--- Provided information Enclosed Below ---

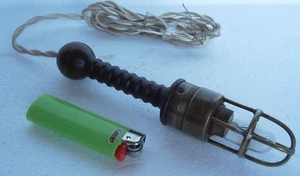 ANTICA LUCE LAMPADA ISPEZIONE LIGHT LAMP AUTO VINTAGE FIAT ALFA ROMEO LANCIA 920 - Foto 1 di 8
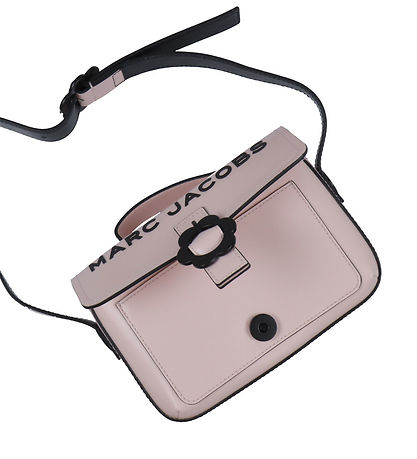 Little Marc Jacobs Hliðartaska - Bleikt M. Svart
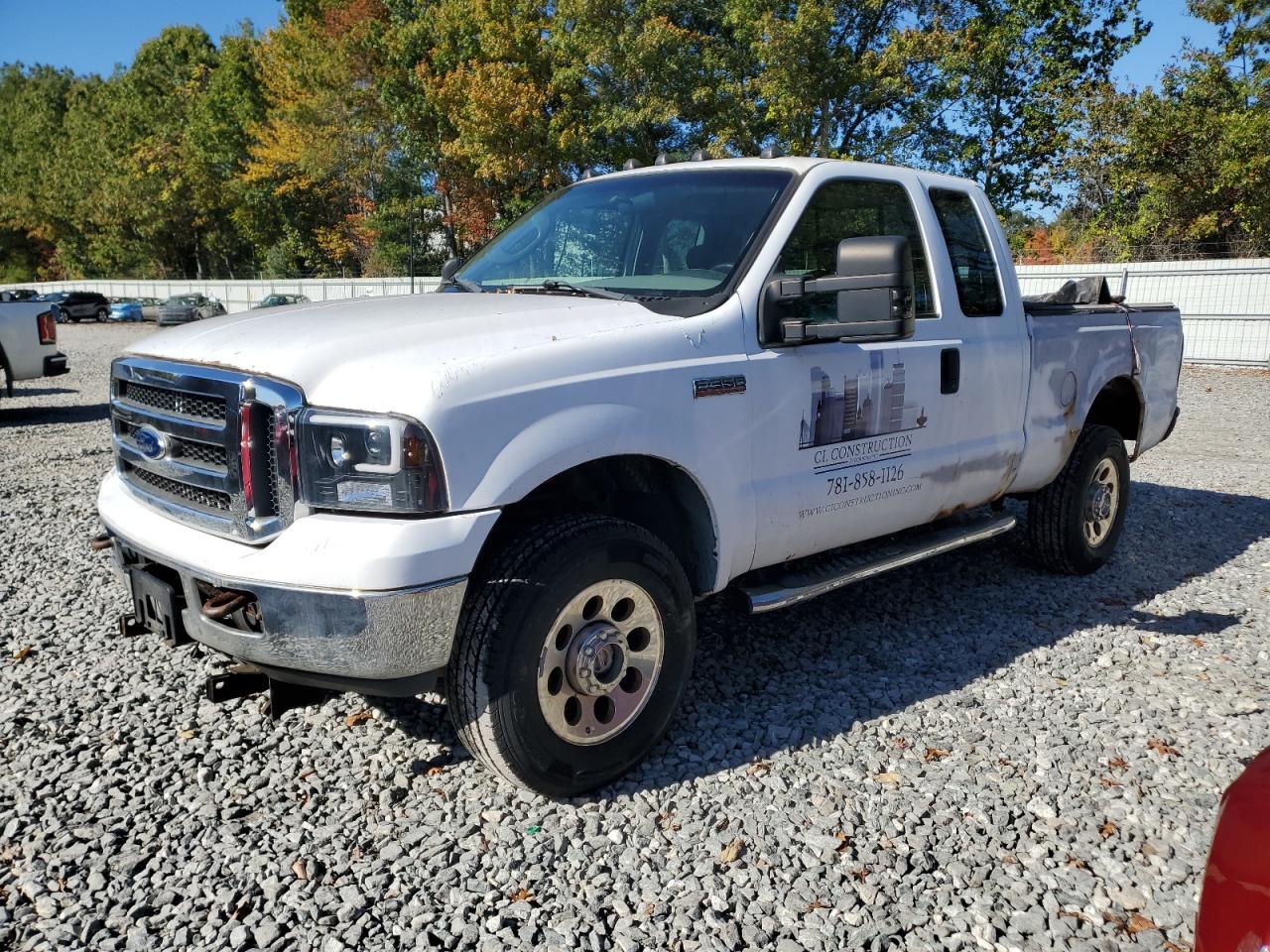 2005 FORD F-350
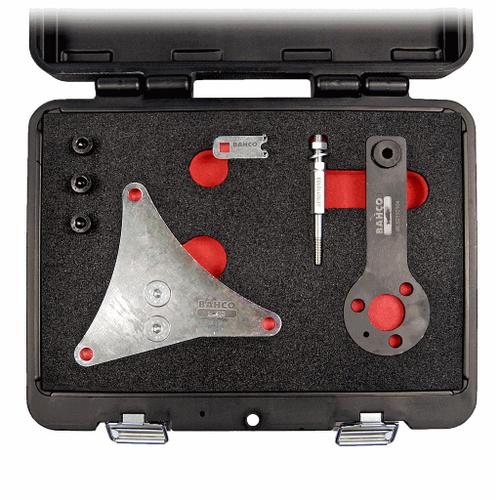 Coffret d'outils de calage pour moteurs FCA 1.4 MULTIAIR BE501101 Bahco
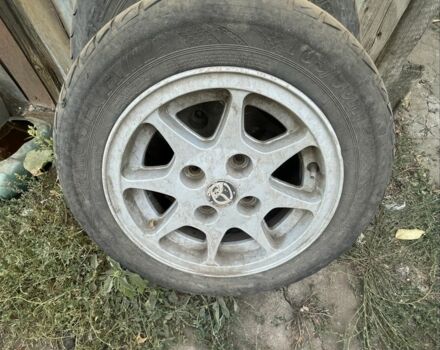 Серый Мазда 626, объемом двигателя 2 л и пробегом 7 тыс. км за 606 $, фото 7 на Automoto.ua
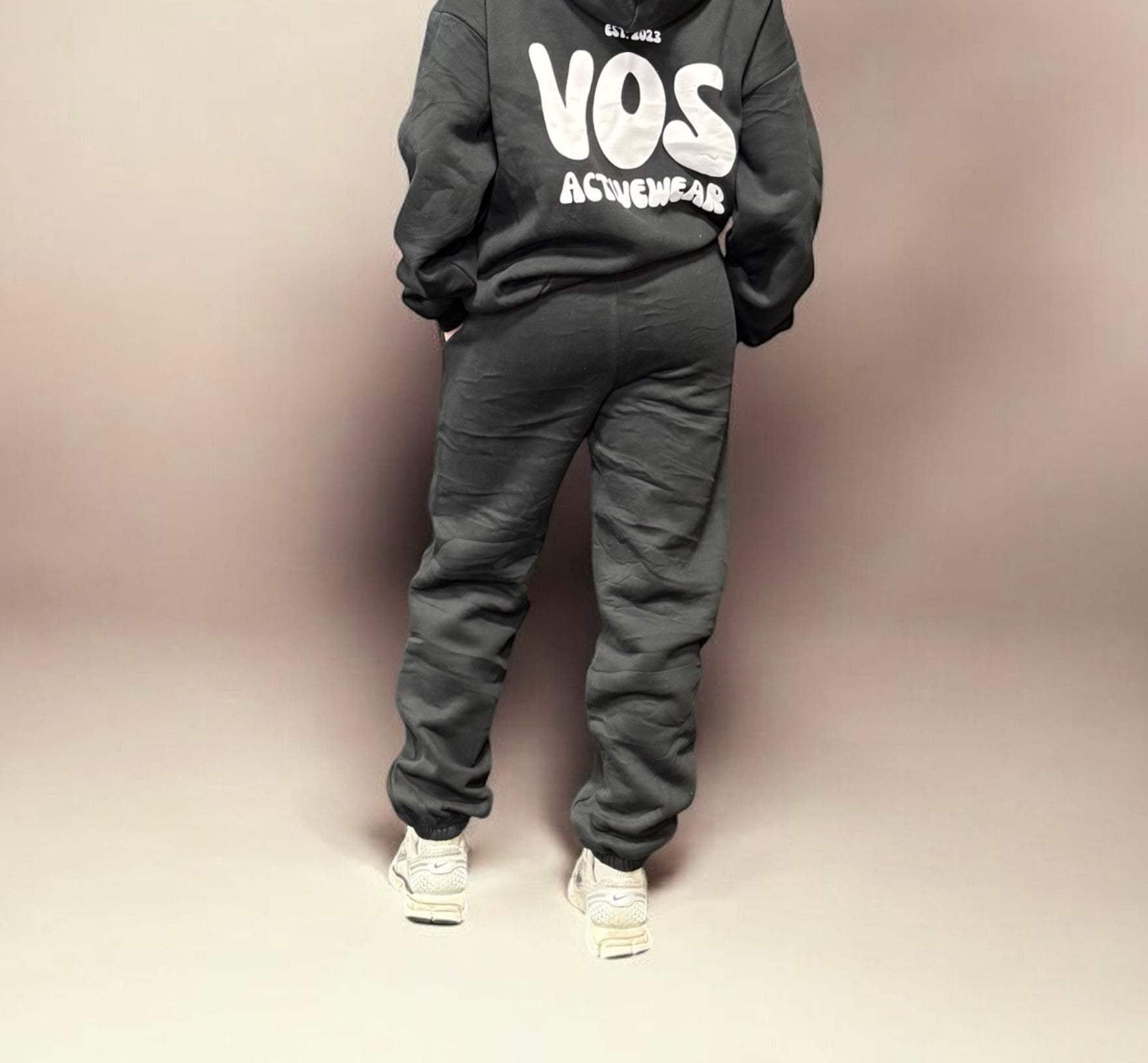 Black Bubble joggers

--- End of Enclosed Provided information ---

Problem statement =
Starting with the line that holds "Серый Мазда 626, объемом", transcribe exactly each line through the last one of the material above, and nothing else. Do not include pictures.

Output =
 Серый Мазда 626, объемом двигателя 2 л и пробегом 7 тыс. км за 606 $, фото 7 на Automoto.ua
 Black Bubble joggers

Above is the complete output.